A Curious Anthropocentrism
Richardson again, on what Heidegger understands as the “sense” of a being: “Briefly: the sense of any being is its Being, insofar as this is comprehended by There-being [Dasein]” (85). ‘Sense’ is presumably Sinn, which carries also carries the larger and more fundamental scope of ‘meaning.’ I don’t know what to make of this curious anthropocentrism, where other beings are really dependent on being recognized by There-being for their basic sense, despite Richardson’s constant insistences that this is an ‘ontologico-existential’ condition rather than an ‘ontic-existentiell’ one. Does it make any difference here? I wonder with this is true only of other beings-in-the-world, or if also of the World as such. And if of the World, then also of God?

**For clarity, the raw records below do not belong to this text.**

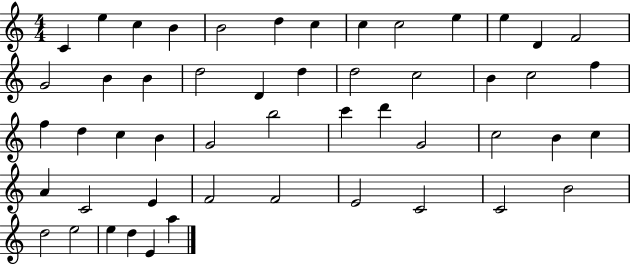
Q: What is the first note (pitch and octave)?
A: C4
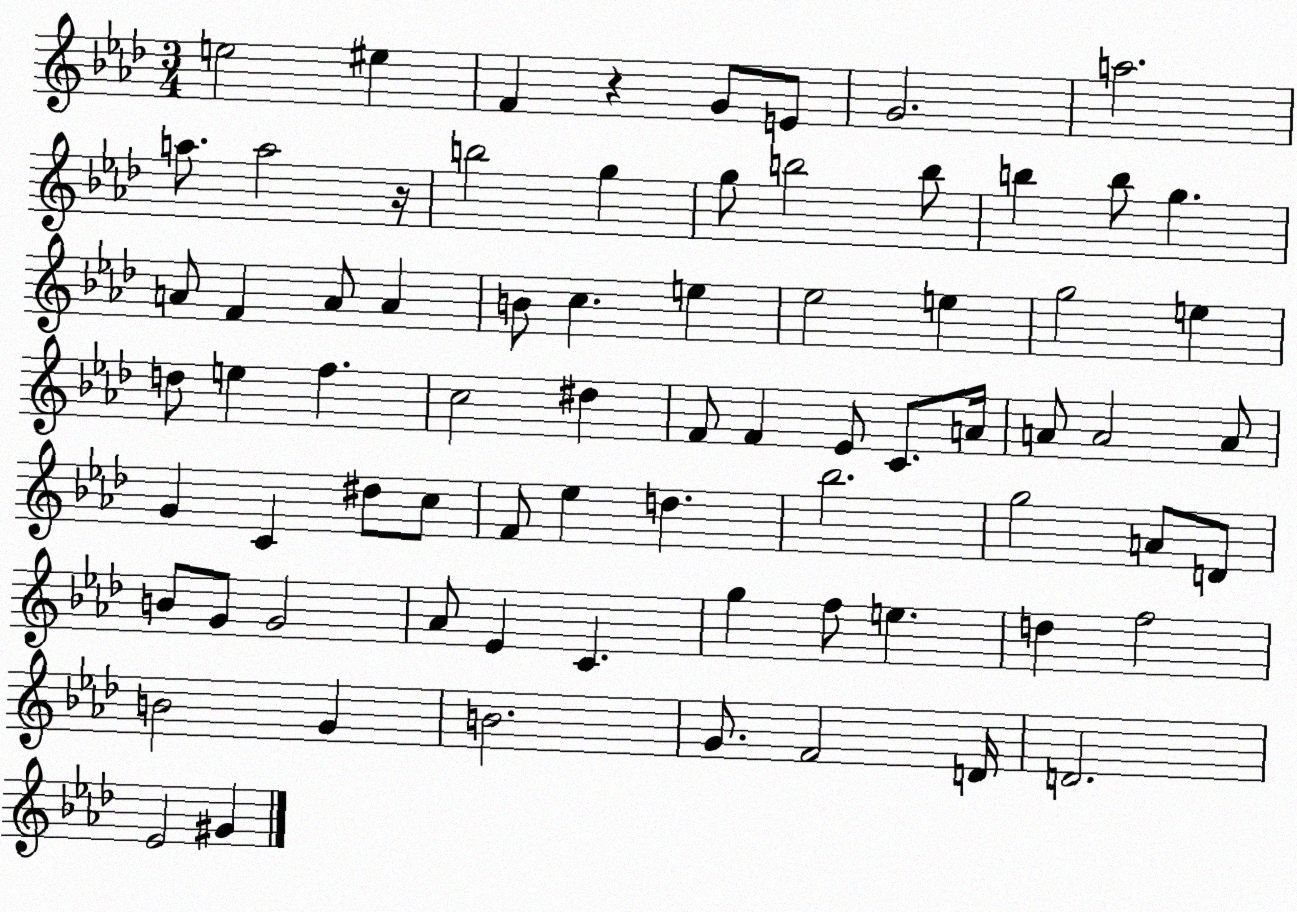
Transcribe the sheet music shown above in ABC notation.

X:1
T:Untitled
M:3/4
L:1/4
K:Ab
e2 ^e F z G/2 E/2 G2 a2 a/2 a2 z/4 b2 g g/2 b2 b/2 b b/2 g A/2 F A/2 A B/2 c e _e2 e g2 e d/2 e f c2 ^d F/2 F _E/2 C/2 A/4 A/2 A2 A/2 G C ^d/2 c/2 F/2 _e d _b2 g2 A/2 D/2 B/2 G/2 G2 _A/2 _E C g f/2 e d f2 B2 G B2 G/2 F2 D/4 D2 _E2 ^G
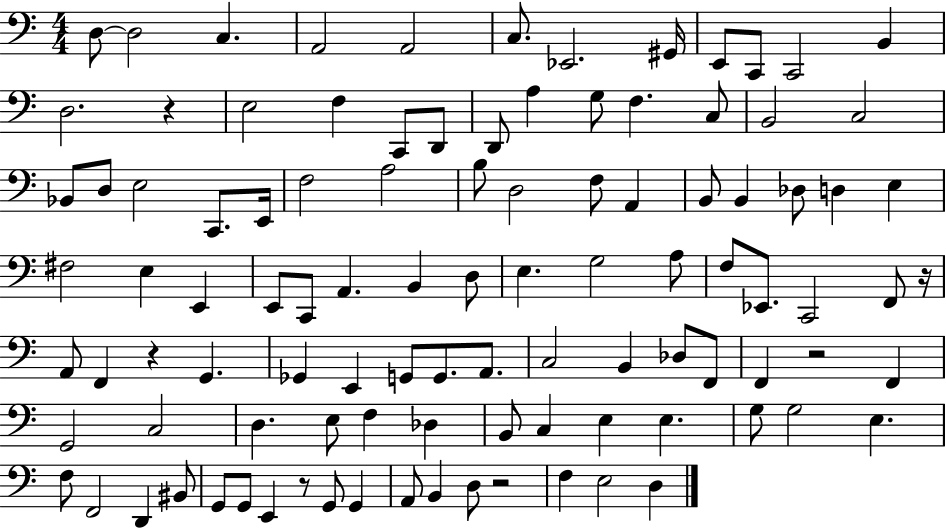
D3/e D3/h C3/q. A2/h A2/h C3/e. Eb2/h. G#2/s E2/e C2/e C2/h B2/q D3/h. R/q E3/h F3/q C2/e D2/e D2/e A3/q G3/e F3/q. C3/e B2/h C3/h Bb2/e D3/e E3/h C2/e. E2/s F3/h A3/h B3/e D3/h F3/e A2/q B2/e B2/q Db3/e D3/q E3/q F#3/h E3/q E2/q E2/e C2/e A2/q. B2/q D3/e E3/q. G3/h A3/e F3/e Eb2/e. C2/h F2/e R/s A2/e F2/q R/q G2/q. Gb2/q E2/q G2/e G2/e. A2/e. C3/h B2/q Db3/e F2/e F2/q R/h F2/q G2/h C3/h D3/q. E3/e F3/q Db3/q B2/e C3/q E3/q E3/q. G3/e G3/h E3/q. F3/e F2/h D2/q BIS2/e G2/e G2/e E2/q R/e G2/e G2/q A2/e B2/q D3/e R/h F3/q E3/h D3/q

Other examples: only There-being is truly historical while all other beings take on historicity (are ‘World-historical’ rather than ‘properly historical’) only insofar as they are correlated with the There-being that no longer exists (R 90n.184); also “‘There is’ truth only insofar, and as long, as There-being is…” (Being and Time, q. in R 97). (The second point makes some sense to me, that truth is only truth so far as it is comprehended—what’s an uncomprehended truth?—but then Christianity dissents with the idea that There-being is not alone in being capable of comprehension. Rather, the God in three persons has always existed in mutual comprehension and more.)